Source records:
=== Section Start ===

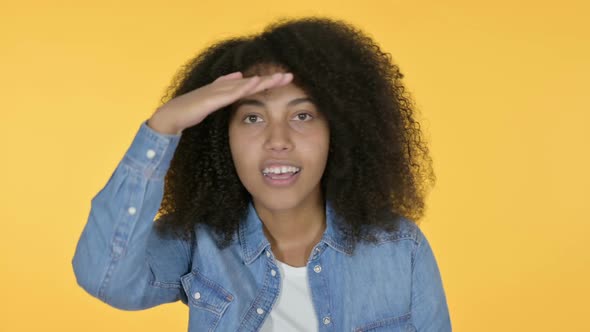 African Woman Looking Around Searching Yellow Background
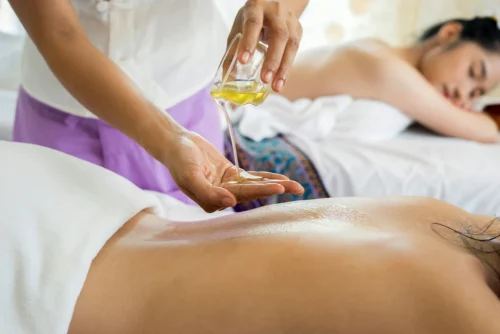 Women getting massages at a spa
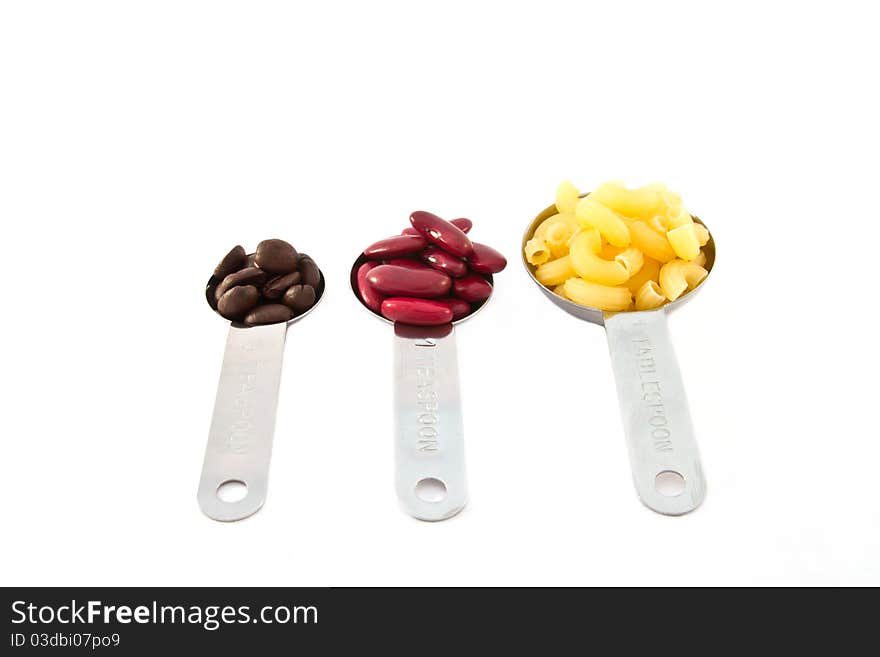 Coffee rad beans and macaroni, measure spoon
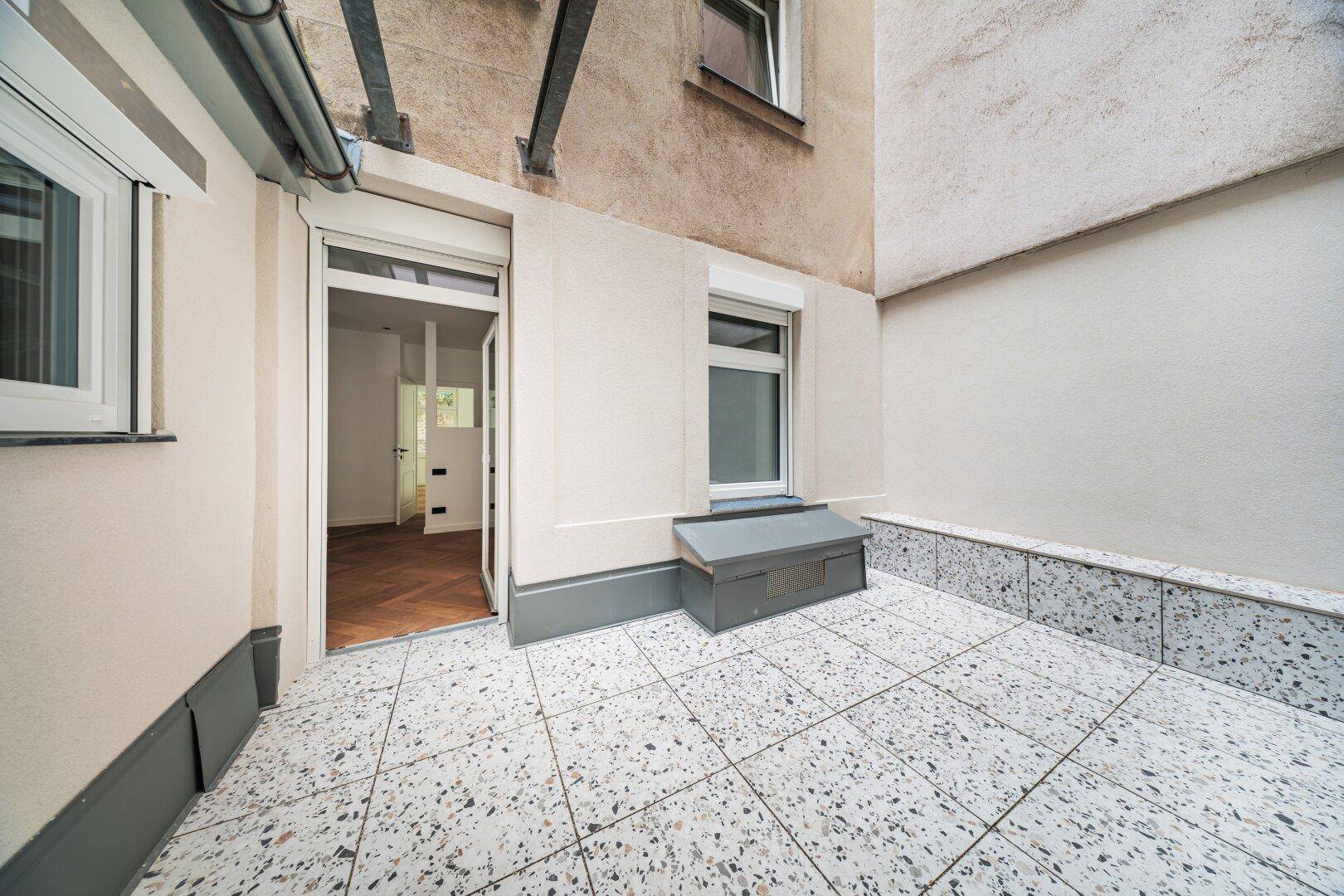 Kleine geflieste Terrasse im Innenhof mit Zugang zum Gebäude.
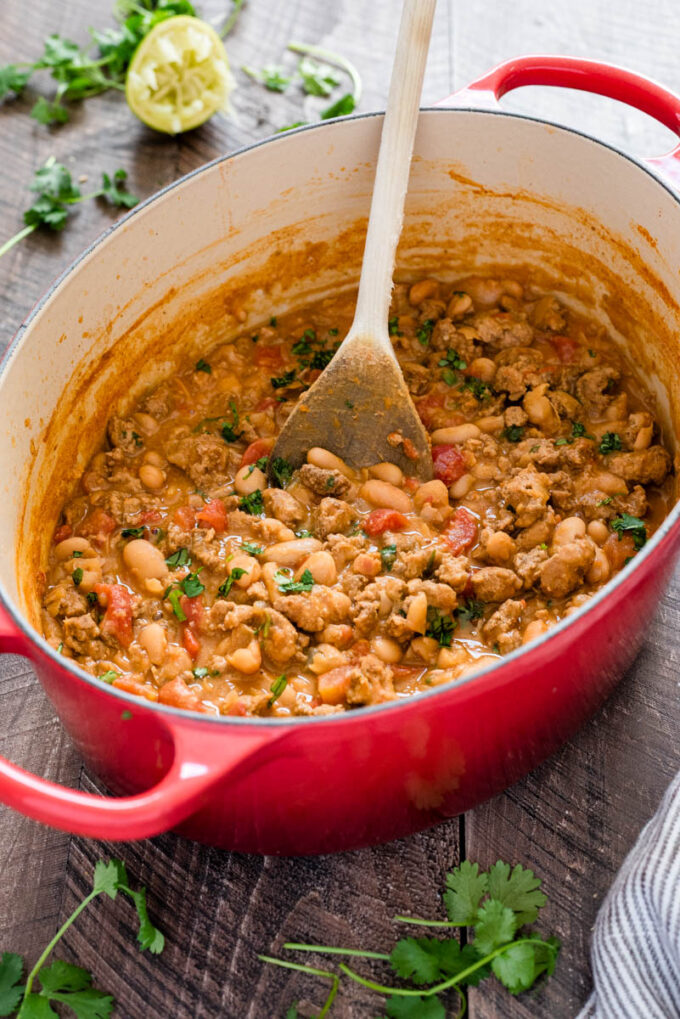 White bean and turkey chili in a Dutch oven.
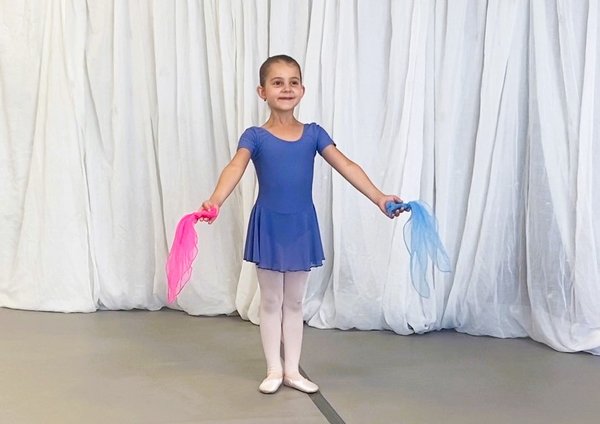 Ballettkind im blauen Kleid. In jeder Hand ein Tuch
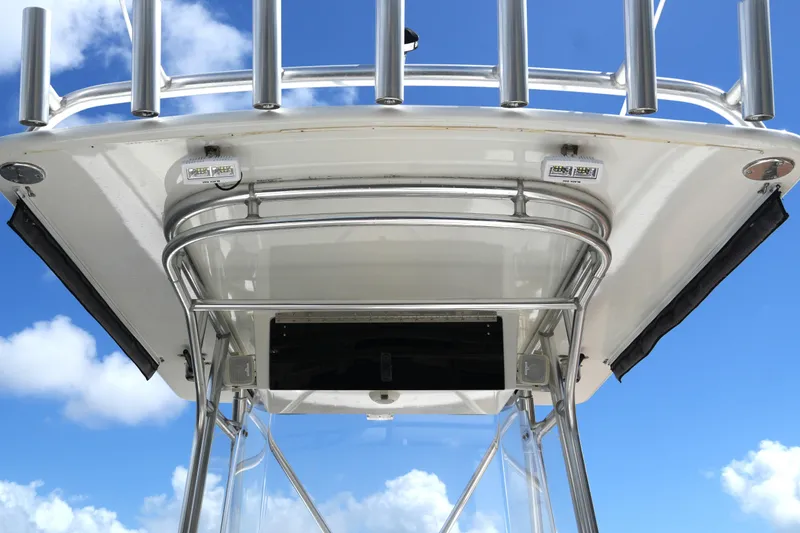 Slide: The Image of 2005 Fountain 34 Tournament Edition boat with stainless steel T-top against blue sky. - 28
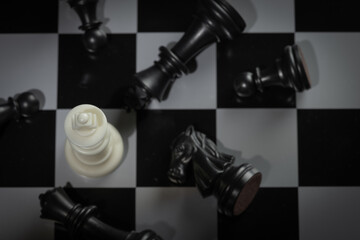 A close-up of a chessboard highlighting the white KING standing out among black pieces, symbolizing...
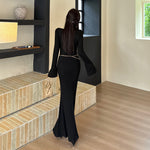 The Black V-Neck Midi: Beading, Boldness & Glamour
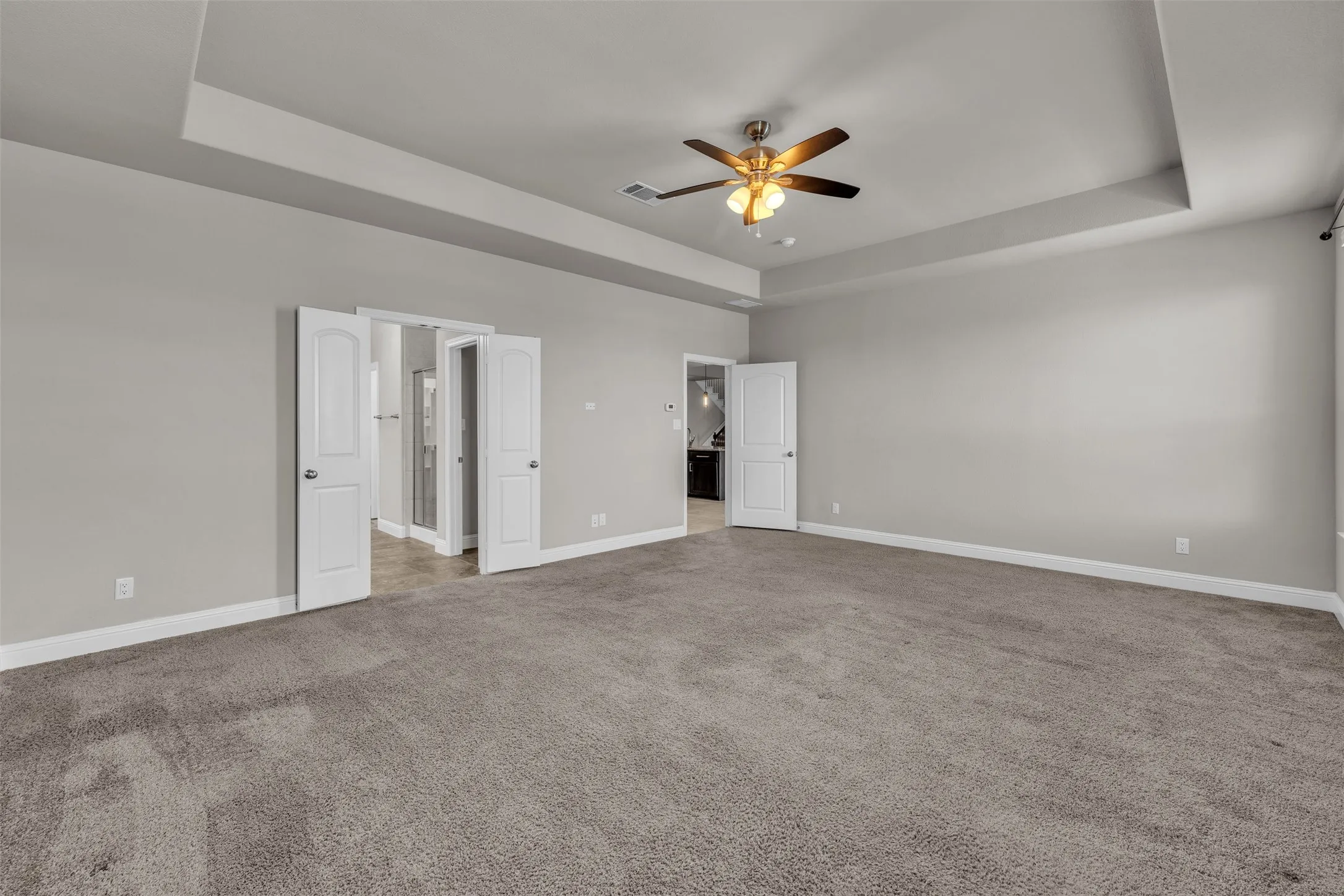 Recessed ceiling with ceiling fan, gray wall paint, and gray carpet flooring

=== Section End ===

> GOAL OF THE EXERCISE
Retype all entries exactly as they appear, dropping the images.

> WRITTEN RESPONSE
 African Woman Looking Around Searching Yellow Background
 Women getting massages at a spa
 Coffee rad beans and macaroni, measure spoon
 Kleine geflieste Terrasse im Innenhof mit Zugang zum Gebäude.
 White bean and turkey chili in a Dutch oven.
 Ballettkind im blauen Kleid. In jeder Hand ein Tuch
 Slide: The Image of 2005 Fountain 34 Tournament Edition boat with stainless steel T-top against blue sky. - 28
 A close-up of a chessboard highlighting the white KING standing out among black pieces, symbolizing...
 The Black V-Neck Midi: Beading, Boldness & Glamour
 Recessed ceiling with ceiling fan, gray wall paint, and gray carpet flooring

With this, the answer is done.